SUPPLIED MATERIAL -
::::

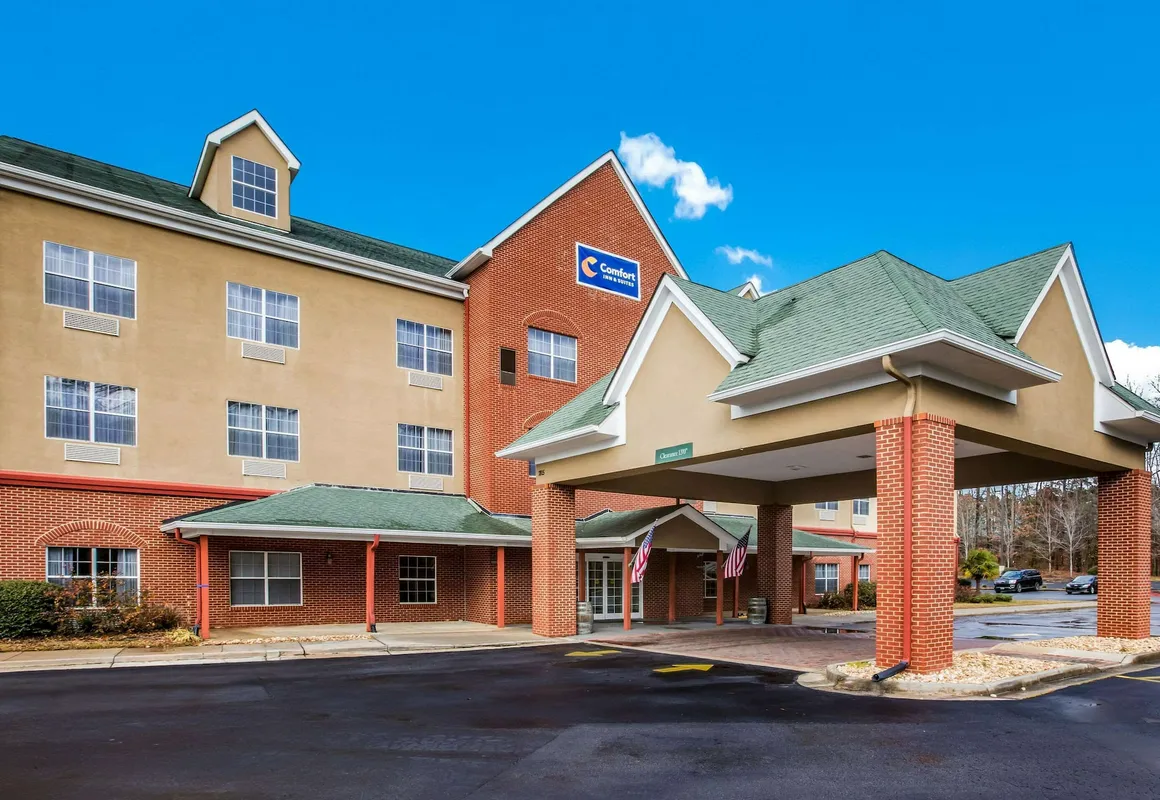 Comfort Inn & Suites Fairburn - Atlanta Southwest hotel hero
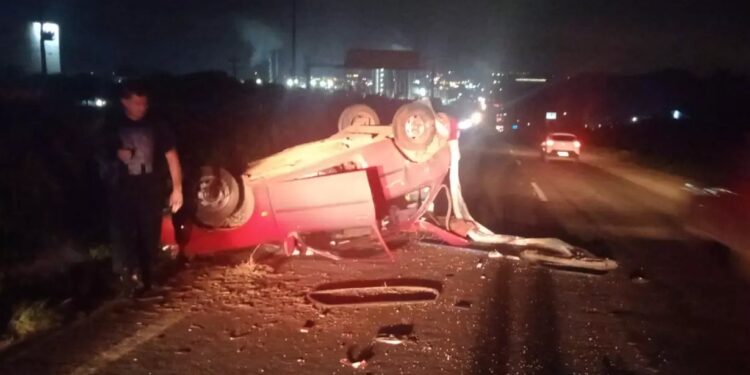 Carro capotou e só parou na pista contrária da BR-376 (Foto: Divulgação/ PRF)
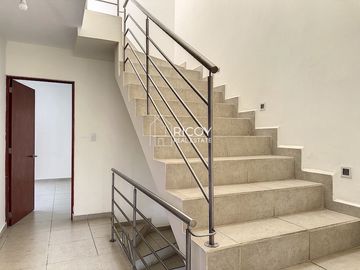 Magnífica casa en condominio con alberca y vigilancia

::::

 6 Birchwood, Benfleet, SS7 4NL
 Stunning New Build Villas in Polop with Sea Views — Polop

::::

Though the entries above contain pictures, none should be copied; reproduce only the lines between the one holding "Comfort Inn &" and the one holding "Magnífica casa en", inclusive, exactly as written.

 Comfort Inn & Suites Fairburn - Atlanta Southwest hotel hero
 Carro capotou e só parou na pista contrária da BR-376 (Foto: Divulgação/ PRF)
 Magnífica casa en condominio con alberca y vigilancia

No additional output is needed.